Exercise prompt: Return the listing below character for character.

Input:
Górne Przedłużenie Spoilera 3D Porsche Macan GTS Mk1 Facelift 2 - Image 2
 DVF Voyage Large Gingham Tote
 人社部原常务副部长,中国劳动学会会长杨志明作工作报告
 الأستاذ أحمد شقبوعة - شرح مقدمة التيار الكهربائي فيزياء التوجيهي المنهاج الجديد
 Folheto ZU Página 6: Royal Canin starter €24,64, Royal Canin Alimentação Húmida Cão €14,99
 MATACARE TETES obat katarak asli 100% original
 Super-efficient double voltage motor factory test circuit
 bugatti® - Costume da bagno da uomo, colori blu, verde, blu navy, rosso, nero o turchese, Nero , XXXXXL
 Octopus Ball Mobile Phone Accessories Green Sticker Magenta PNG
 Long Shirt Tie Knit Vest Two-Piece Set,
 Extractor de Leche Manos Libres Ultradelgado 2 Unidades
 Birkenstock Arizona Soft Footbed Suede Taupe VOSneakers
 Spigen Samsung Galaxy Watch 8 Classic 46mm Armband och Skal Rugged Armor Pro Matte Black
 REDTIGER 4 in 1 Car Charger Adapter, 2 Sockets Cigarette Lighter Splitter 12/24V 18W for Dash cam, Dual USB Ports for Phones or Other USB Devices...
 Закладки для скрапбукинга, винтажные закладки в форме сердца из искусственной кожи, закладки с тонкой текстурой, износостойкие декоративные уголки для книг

Output for this task:
Górne Przedłużenie Spoilera 3D Porsche Macan GTS Mk1 Facelift 2 - Image 2
 DVF Voyage Large Gingham Tote
 人社部原常务副部长,中国劳动学会会长杨志明作工作报告
 الأستاذ أحمد شقبوعة - شرح مقدمة التيار الكهربائي فيزياء التوجيهي المنهاج الجديد
 Folheto ZU Página 6: Royal Canin starter €24,64, Royal Canin Alimentação Húmida Cão €14,99
 MATACARE TETES obat katarak asli 100% original
 Super-efficient double voltage motor factory test circuit
 bugatti® - Costume da bagno da uomo, colori blu, verde, blu navy, rosso, nero o turchese, Nero , XXXXXL
 Octopus Ball Mobile Phone Accessories Green Sticker Magenta PNG
 Long Shirt Tie Knit Vest Two-Piece Set,
 Extractor de Leche Manos Libres Ultradelgado 2 Unidades
 Birkenstock Arizona Soft Footbed Suede Taupe VOSneakers
 Spigen Samsung Galaxy Watch 8 Classic 46mm Armband och Skal Rugged Armor Pro Matte Black
 REDTIGER 4 in 1 Car Charger Adapter, 2 Sockets Cigarette Lighter Splitter 12/24V 18W for Dash cam, Dual USB Ports for Phones or Other USB Devices...
 Закладки для скрапбукинга, винтажные закладки в форме сердца из искусственной кожи, закладки с тонкой текстурой, износостойкие декоративные уголки для книг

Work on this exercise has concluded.